The increase would normally take place in October, but it will now only
happen in April next year, helping the councils to live within their budgets,
but also depriving those students of several hundred much-needed pounds.

So what does this mean for a typical research postgraduate at, say,
the University of Stirling? The weekly value of the grant is 69 Pounds,
and that is your total income. Outgoings are 31 Pounds for rent, 23 Pounds
for food, 2 Pounds for bills, 4 Pounds for travelling to work, and 1.50
Pounds for the Community Charge. That comes to 61.50 Pounds, leaving a mammoth
7.50 Pounds, and the student hasn’t done anything but sleep eat, keep warm
and go to work! If you buy a couple of books, you spend a couple of months’
disposable income!

Morale, then, cannot be anything other than low among research postgraduates,
and little wonder. Consider the friends of our typical research postgraduate.

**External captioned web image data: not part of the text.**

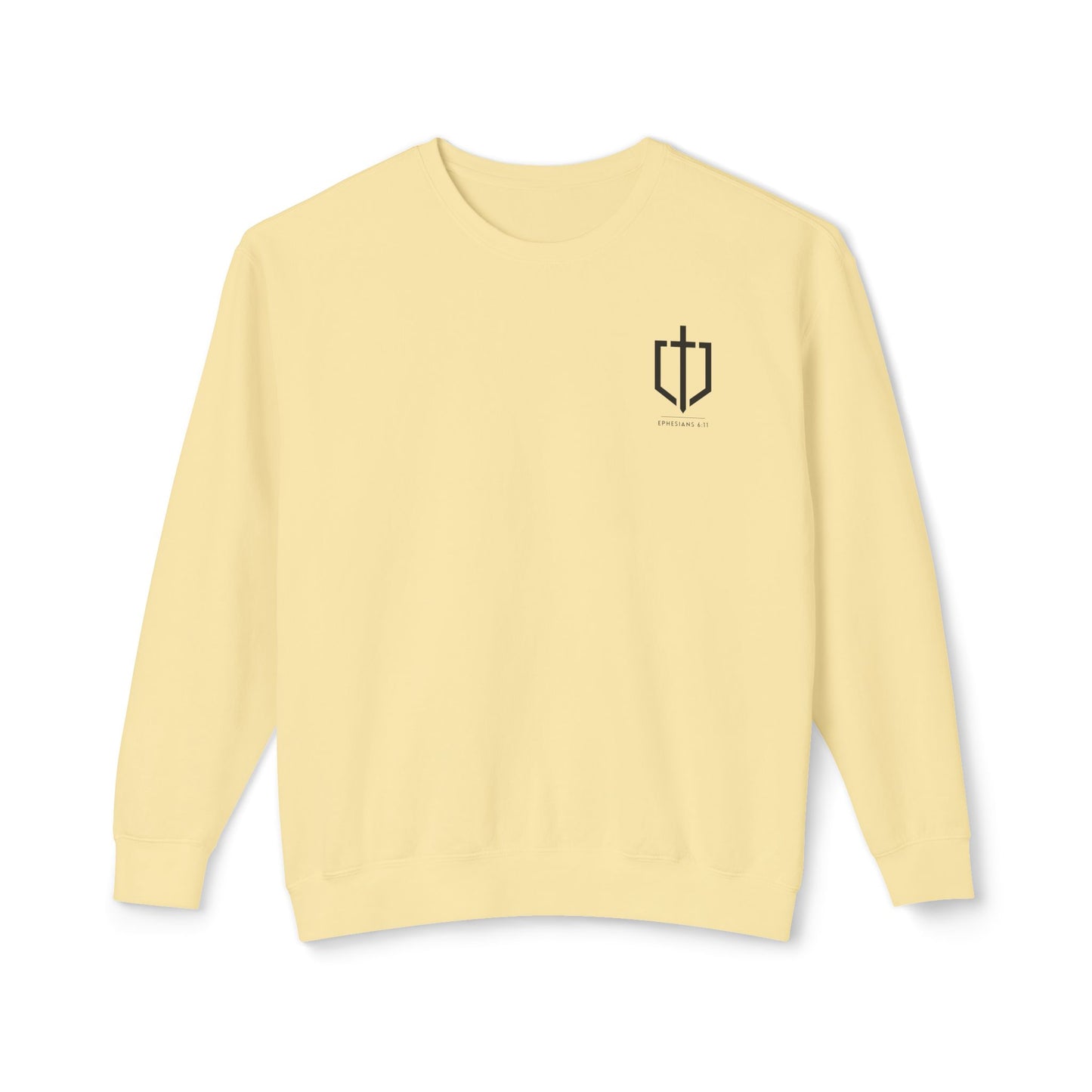 EPHESIANS 6:11 CREWNECK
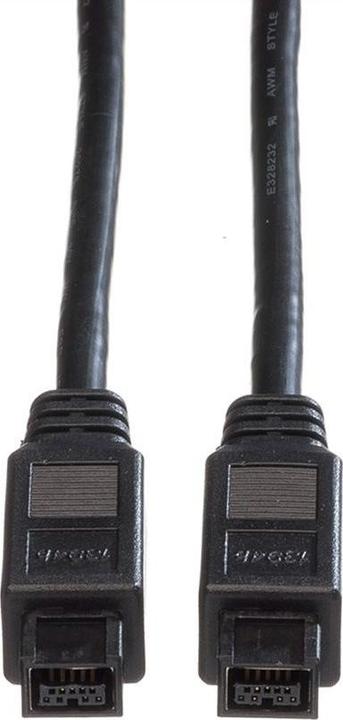 Immagine prodotto Roline Cavo Firewire 800 (1.80 m, FireWire)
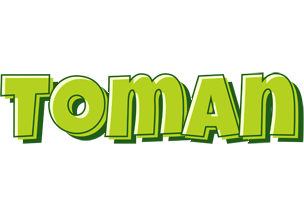 Toman summer logo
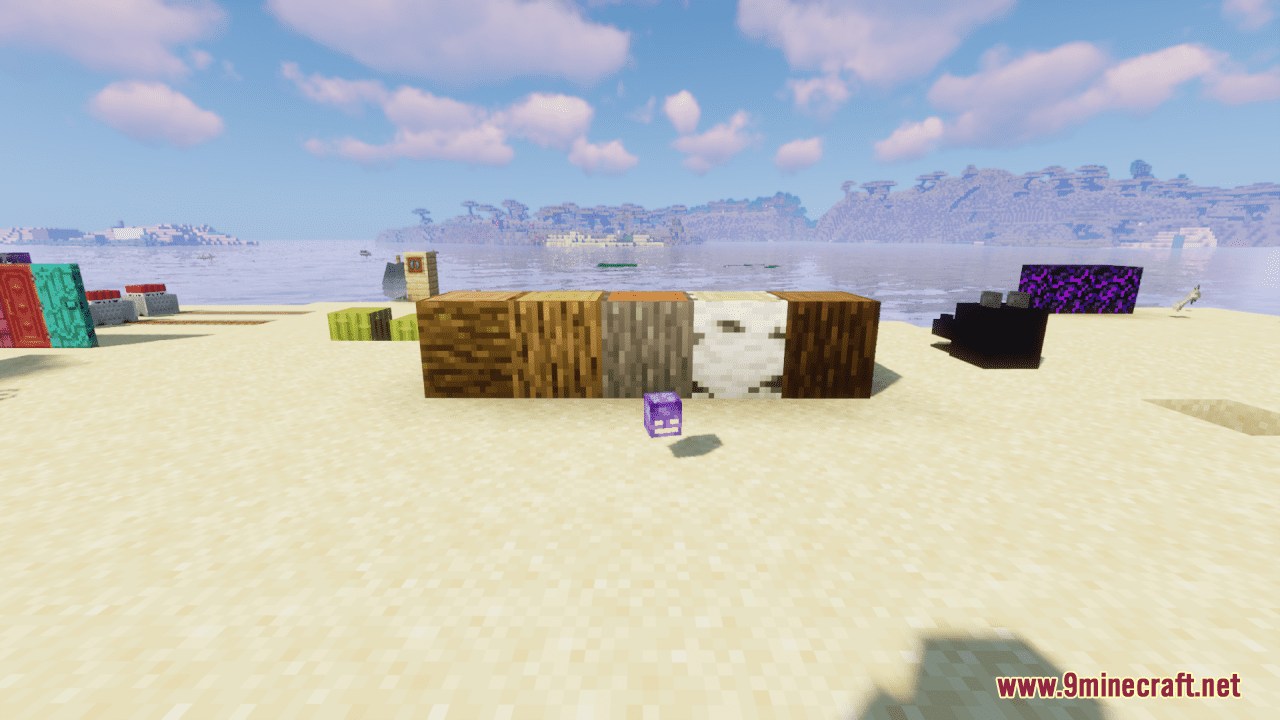 Amethyst Skeleton Resource Pack (1.20.6, 1.20.1) - Texture Pack 2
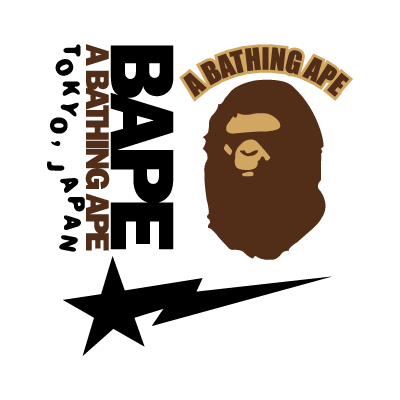 A Bathing Ape vector logo free download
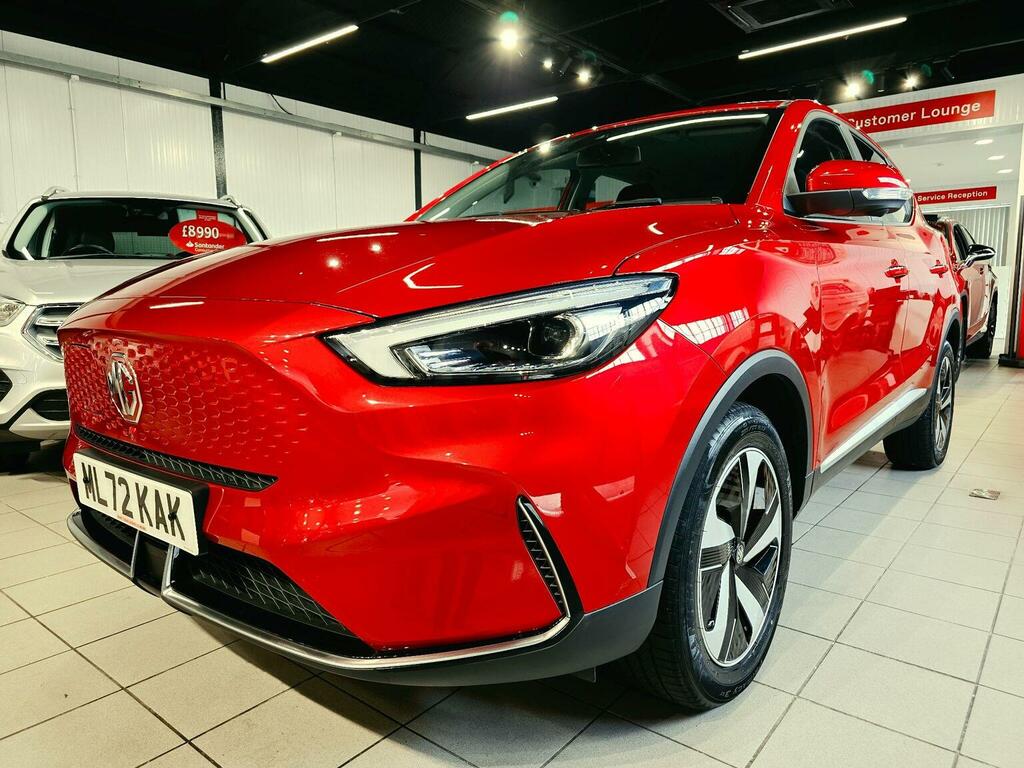 MG ZS 72.6Kwh Se Long Range Suv 156 P Red #2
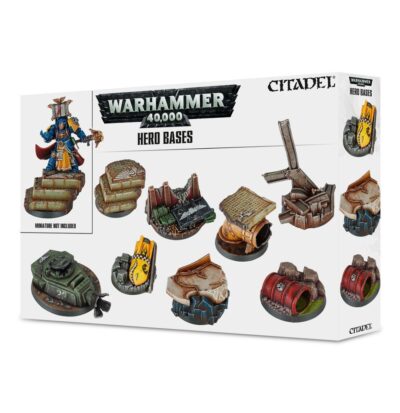 Warhammer 40,000 : Hero Bases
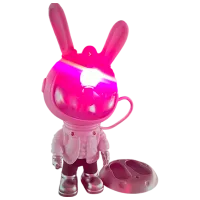 Proiector de stele Starry Sky Galaxy Nightlight Rabbit K2306 Black White photo 6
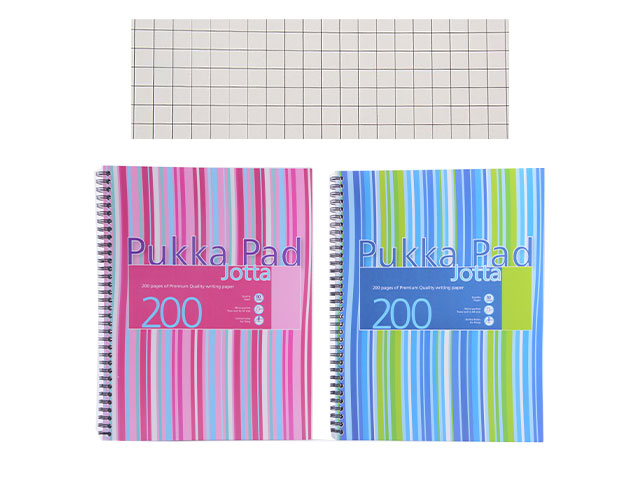 Quaderno a quadretti Siam spiralato A5 rigatura 5M colori assortiti misura 148x210mm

They graduated with the same degree as you at the same time, two years
ago. They now both earn in the region of 13,000 Pounds to 15,000 Pounds,
and one is buying his own flat, and the other drives a nice car and goes
to foreign climes for her holidays.

Material wealth is obviously not that important to the average postgrad,
but this example just shows what major incentives there are for not going
on to further study.

As the ‘demographic time bomb’ takes effect, it is employers that are
placing more and more value on graduates, offering ever-increasing incentives
to entice them into industry. For a science graduate the temptation is usually
even more pronounced, with much higher salaries being offered than to arts
graduates.

The crux, then, is the effect this will have on the future of academic
research in this country. For someone to commit themselves to a three- or
four-year undergraduate course is a big step, when they know that at the
end of it they are likely to have a large debt hanging over them. To consider
further study under even greater financial hardship may be thought by some
to be the first signs of mental instability.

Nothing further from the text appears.